Music review: Alba New Music Festival

While Nicola Benedetti was packing out the Usher Hall, across town a brand new Edinburgh festival was quietly being born. Alba New Music is a recently founded charity committed to championing contemporary sounds, and their two-day inaugural festival filled St Giles' Cathedral with some of the most complex works of recent years, in a canny programme focused around three remarkable solo performers. Uncompromising, sometimes maddening, frequently impenetrable, it also provided some breathtakingly virtuosic performances of bristlingly individual music that rarely gets an airing north of the border.

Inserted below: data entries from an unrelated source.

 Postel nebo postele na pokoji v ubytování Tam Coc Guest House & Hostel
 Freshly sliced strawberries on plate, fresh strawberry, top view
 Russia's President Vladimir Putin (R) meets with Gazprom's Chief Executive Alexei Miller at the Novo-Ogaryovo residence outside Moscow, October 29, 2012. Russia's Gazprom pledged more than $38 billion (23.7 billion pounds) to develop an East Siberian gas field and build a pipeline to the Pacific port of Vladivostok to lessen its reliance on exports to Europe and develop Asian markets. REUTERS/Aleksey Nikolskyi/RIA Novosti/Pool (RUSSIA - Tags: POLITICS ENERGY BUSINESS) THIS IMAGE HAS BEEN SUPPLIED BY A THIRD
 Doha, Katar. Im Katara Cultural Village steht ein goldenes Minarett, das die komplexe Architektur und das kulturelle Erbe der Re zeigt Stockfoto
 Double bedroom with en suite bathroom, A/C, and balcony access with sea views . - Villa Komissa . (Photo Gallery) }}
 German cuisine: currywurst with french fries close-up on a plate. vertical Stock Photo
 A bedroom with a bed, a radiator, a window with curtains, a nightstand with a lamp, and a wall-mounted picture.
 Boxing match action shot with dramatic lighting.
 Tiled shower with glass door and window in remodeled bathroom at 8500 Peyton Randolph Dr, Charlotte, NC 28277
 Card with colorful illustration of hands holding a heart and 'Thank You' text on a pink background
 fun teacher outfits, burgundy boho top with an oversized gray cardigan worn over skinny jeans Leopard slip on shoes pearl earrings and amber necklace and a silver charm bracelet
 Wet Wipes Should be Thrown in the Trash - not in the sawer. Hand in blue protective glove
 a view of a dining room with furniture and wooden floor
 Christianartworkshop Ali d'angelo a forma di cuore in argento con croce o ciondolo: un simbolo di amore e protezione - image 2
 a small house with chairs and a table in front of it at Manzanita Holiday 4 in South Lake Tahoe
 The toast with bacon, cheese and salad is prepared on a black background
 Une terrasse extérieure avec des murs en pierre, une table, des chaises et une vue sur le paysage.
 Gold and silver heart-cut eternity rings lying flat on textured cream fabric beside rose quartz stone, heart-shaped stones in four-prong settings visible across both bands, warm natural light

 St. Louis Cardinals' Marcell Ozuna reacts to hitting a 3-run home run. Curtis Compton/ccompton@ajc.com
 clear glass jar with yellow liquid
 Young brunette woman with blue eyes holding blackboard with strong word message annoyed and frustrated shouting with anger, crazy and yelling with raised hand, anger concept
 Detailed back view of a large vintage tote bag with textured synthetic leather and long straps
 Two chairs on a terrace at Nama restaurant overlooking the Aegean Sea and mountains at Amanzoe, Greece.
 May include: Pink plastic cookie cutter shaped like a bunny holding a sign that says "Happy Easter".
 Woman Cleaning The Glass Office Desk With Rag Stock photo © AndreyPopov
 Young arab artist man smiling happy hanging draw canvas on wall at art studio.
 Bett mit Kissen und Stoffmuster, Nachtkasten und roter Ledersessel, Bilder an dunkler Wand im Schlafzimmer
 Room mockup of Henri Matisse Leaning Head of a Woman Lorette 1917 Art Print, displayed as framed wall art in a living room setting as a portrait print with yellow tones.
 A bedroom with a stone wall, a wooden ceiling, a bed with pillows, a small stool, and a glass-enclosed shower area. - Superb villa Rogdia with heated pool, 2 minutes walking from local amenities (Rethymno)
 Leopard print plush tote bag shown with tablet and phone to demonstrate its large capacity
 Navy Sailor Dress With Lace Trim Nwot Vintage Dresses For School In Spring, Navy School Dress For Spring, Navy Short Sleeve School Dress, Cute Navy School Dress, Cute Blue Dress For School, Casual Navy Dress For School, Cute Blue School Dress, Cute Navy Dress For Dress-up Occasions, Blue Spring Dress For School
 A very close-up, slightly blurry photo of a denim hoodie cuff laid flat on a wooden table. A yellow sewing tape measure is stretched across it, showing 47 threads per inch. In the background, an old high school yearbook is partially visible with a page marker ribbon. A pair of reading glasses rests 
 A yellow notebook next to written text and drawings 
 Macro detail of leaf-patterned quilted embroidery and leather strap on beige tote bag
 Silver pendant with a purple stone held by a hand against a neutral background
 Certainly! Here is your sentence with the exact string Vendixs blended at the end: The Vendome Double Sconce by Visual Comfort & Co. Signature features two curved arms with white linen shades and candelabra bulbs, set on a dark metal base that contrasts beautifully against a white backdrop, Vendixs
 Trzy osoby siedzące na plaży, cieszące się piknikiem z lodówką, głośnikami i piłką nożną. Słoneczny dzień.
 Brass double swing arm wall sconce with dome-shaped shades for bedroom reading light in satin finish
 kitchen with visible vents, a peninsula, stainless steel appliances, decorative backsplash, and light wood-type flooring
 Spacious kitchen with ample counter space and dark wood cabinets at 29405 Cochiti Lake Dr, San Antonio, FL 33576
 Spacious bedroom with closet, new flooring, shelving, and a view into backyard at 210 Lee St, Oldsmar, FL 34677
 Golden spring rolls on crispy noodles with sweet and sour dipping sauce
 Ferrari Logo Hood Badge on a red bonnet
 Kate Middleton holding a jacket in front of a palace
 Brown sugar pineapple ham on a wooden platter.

Alba New Music Festival ****

St Giles’ Cathedral, Edinburgh

The eloquent intricacies of Wieland Hoban’s magical Knockler, the opener in guitarist Diego Castro Magas’s striking opening recital, got rather lost in the Cathedral’s resonant acoustic, but that was more than made up for by his masterful playing and effects-pedalling in Richard Barrett’s Transmission, whose surround-sound electronics engulfed the audience with joyfully cacophonous layers of noise. The following afternoon, James Dillon’s febrile Sgothan sent flurries of notes ricocheting around St Giles’ walls in flautist Richard Craig’s theatrical concert, which ended with one of the “new complexity” movement’s cornerstones, Brian Ferneyhough’s Unity Capsule, in an account more like a dramatic soliloquy than a musical performance. That evening, in her exquisite recital soprano Peyee Chen included two witty, self-interrupting Récitations by Georges Aperghis, as well as the fractured folk of Jennifer Walshe’s ukelele-accompanied “Three Songs” by Ukeoirn O’Connor.

There are ways Alba New Music can refine their offering for a broader audience – less abstruse programme notes would make this forbidding music more friendly, for example. But it was a rich, rewarding weekend, unapologetically challenging, but pulled off with panache.